◆ Assignment: When you reach the line that contains "Banana republic white peplum top" in the data below, start reproducing lines exactly, and stop after the line that contains "77वें गणतंत्र दिवस".

◆ Extracted records:
━━━━━━━━━━
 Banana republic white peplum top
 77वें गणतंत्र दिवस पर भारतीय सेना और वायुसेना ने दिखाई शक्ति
━━━━━━━━━━
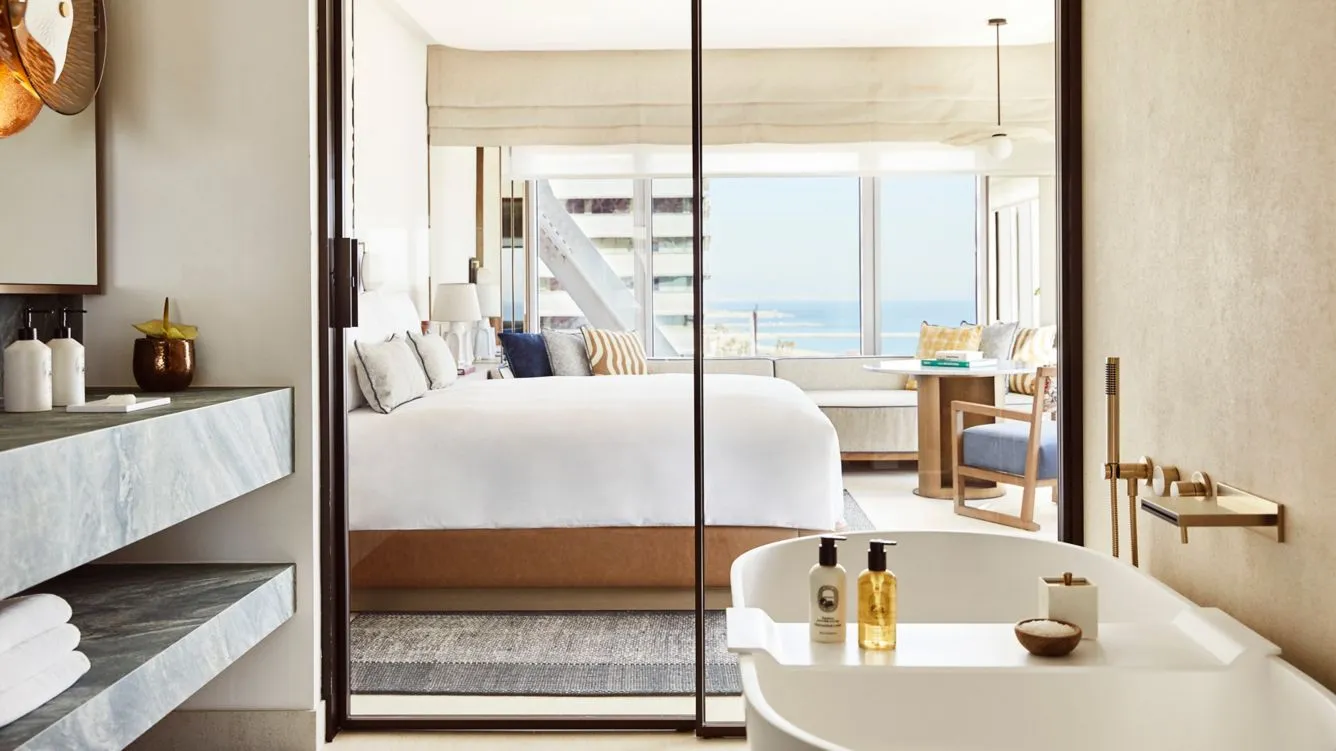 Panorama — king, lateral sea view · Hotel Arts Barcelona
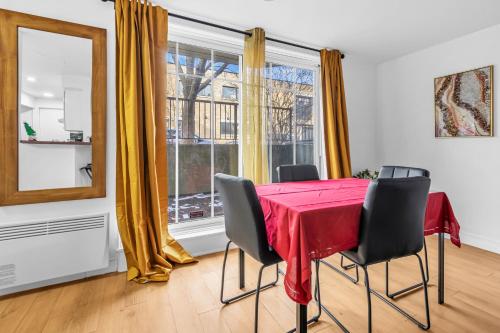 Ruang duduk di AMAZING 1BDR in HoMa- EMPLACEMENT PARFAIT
━━━━━━━━━━
◆ Written solution:
 Banana republic white peplum top
 77वें गणतंत्र दिवस पर भारतीय सेना और वायुसेना ने दिखाई शक्ति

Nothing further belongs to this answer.